Ao contrário dos carreteiros que ainda convivem com o cigarro, existem muitos que conseguiram se ver livres do vício. É o caso de Adriano Lindemann, 33 anos, de Pelotas/RS, que fumou dos 12 aos 30 anos e há cerca de três não sabe o que é colocar um cigarro na boca. Em sua rotina de motorista de caminhão, costuma sair de perto de quem fuma, porque não suporta mais o cheiro da nicotina. Reconhece que o cigarro faz mal e não pretende voltar a fumar. Adriano ressalta que existem lugares no trabalho que permitem ao motorista fumar, embora acredite que o viciado não escolhe lugar para matar a vontade.

Luiz Contreiras, do Chile, garante que não é dependente, porque só sente vontade de fumar quando toma um cafezinho, e pode parar a hora que desejar
Luiz Contreiras, do Chile, garante que não é dependente, porque só sente vontade de fumar quando toma um cafezinho, e pode parar a hora que desejar

Outro motorista que conseguiu vencer o vício é Jones de Oliveira, 34 anos, do Rio Grande do Sul/RS, que durante nove anos fumou e há cinco parou, porque pensou em sua saúde. Além disso, diz que depois que deixou o vício sua disposição aumentou e até começou a praticar atividades físicas. Para ele, um dos motivos que o fizeram deixar o cigarro de lado foi sua filha de seis anos. As propagandas publicitárias sobre os malefícios do fumo também contribuíram para que ele tivesse coragem e seguisse em frente com sua determinação. “Não me arrependo de ter parado. Sem o cigarro renovei 20 anos. Antes eu já acordava cansado. Hoje, fico nervoso quando alguém fuma perto de mim”, desabafa. Ele recomenda caminhadas e exercícios físicos para relaxar quando a vontade de fumar falar mais alto.

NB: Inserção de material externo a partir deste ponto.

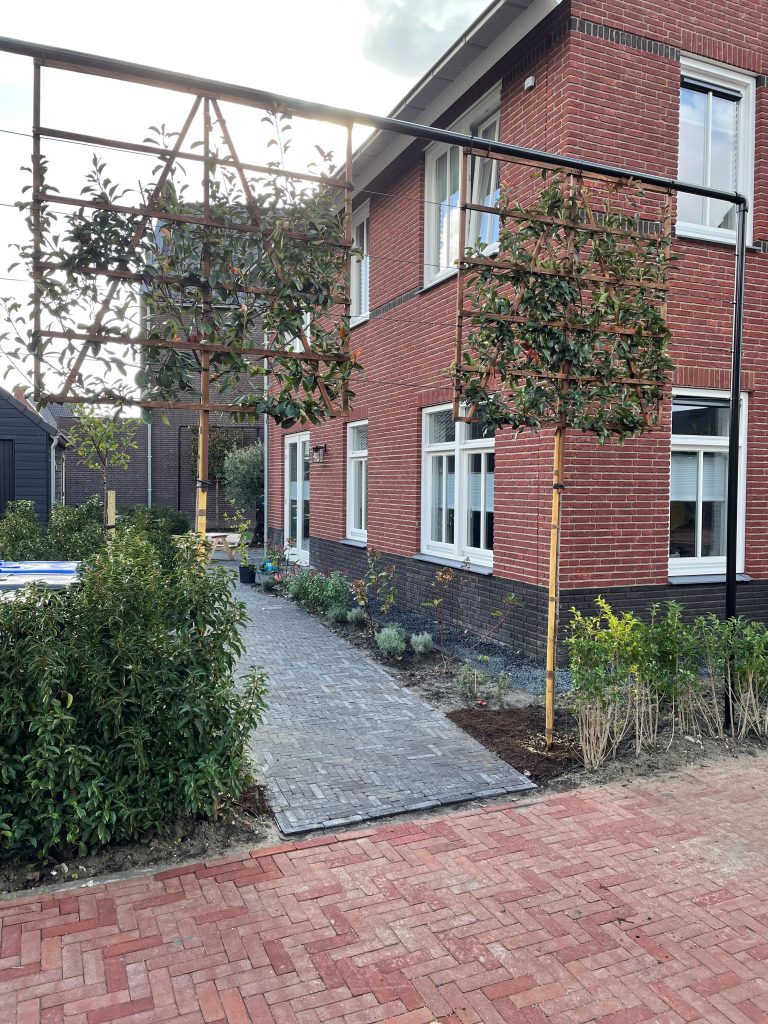 groenblijvende leibomen Photinia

O chileno Luis Contreiras, 50 anos de idade, fuma de vez em quando, sem compromisso, conforme explica. Argumenta que pode ficar meses sem lembrar do cigarro, porque é apenas um passatempo. “Só sinto vontade de acender o cigarro quando tomo um cafezinho, mas não sou dependente, fumo e paro a hora que eu quiser”, conclui.